Chapter 12. Managing Kafka
Use additional configuration properties to maintain a deployment of AMQ Streams. You can add and adjust settings to respond to the performance of AMQ Streams. For example, you can introduce additional configuration to improve throughput and data reliability.
12.1. Setting limits on brokers using the Kafka Static Quota plugin
The Kafka Static Quota plugin is a Technology Preview only. Technology Preview features are not supported with Red Hat production service-level agreements (SLAs) and might not be functionally complete. Red Hat does not recommend implementing any Technology Preview features in production environments. This Technology Preview feature provides early access to upcoming product innovations, enabling you to test functionality and provide feedback during the development process. For more information about the support scope of Red Hat Technology Preview features, see Technology Preview Features Support Scope.
Use the Kafka Static Quota plugin to set throughput and storage limits on brokers in your Kafka cluster. You enable the plugin and set limits by adding properties to the Kafka configuration file. You can set a byte-rate threshold and storage quotas to put limits on the clients interacting with your brokers.
You can set byte-rate thresholds for producer and consumer bandwidth. The total limit is distributed across all clients accessing the broker. For example, you can set a byte-rate threshold of 40 MBps for producers. If two producers are running, they are each limited to a throughput of 20 MBps.
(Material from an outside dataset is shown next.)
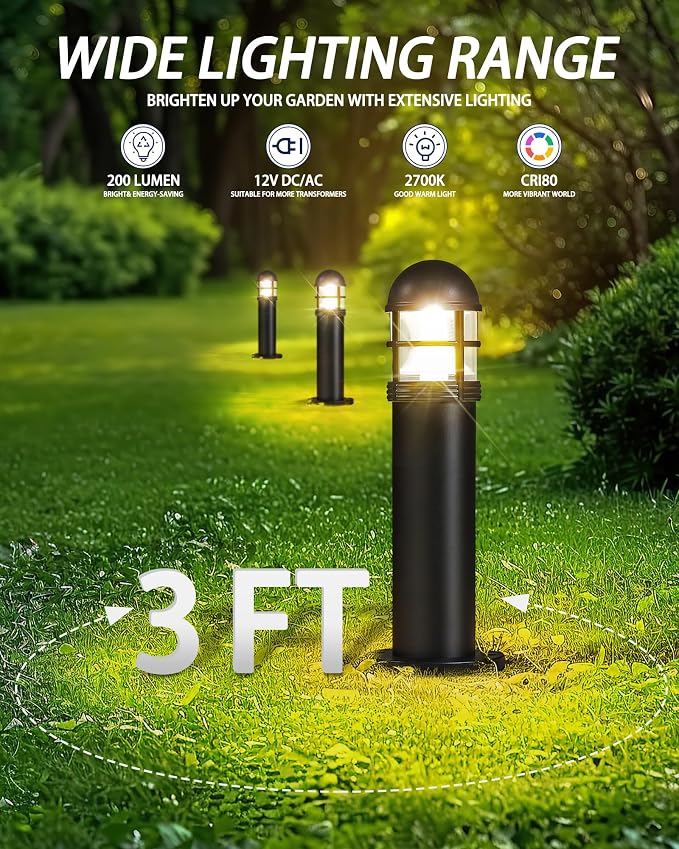 6 Pack LED Low Voltage Landscape Lights, 200LM 12V IP67 Waterproof Holiday - Image 2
Storage quotas throttle Kafka disk storage limits between a soft limit and hard limit. The limits apply to all available disk space. Producers are slowed gradually between the soft and hard limit. The limits prevent disks filling up too quickly and exceeding their capacity. Full disks can lead to issues that are hard to rectify. The hard limit is the maximum storage limit.
For JBOD storage, the limit applies across all disks. If a broker is using two 1 TB disks and the quota is 1.1 TB, one disk might fill and the other disk will be almost empty.
Prerequisites
- AMQ Streams is installed on all hosts which will be used as Kafka brokers.
- A ZooKeeper cluster is configured and running.
Procedure
Edit the
/opt/kafka/config/server.properties
Kafka configuration file.The plugin properties are shown in this example configuration.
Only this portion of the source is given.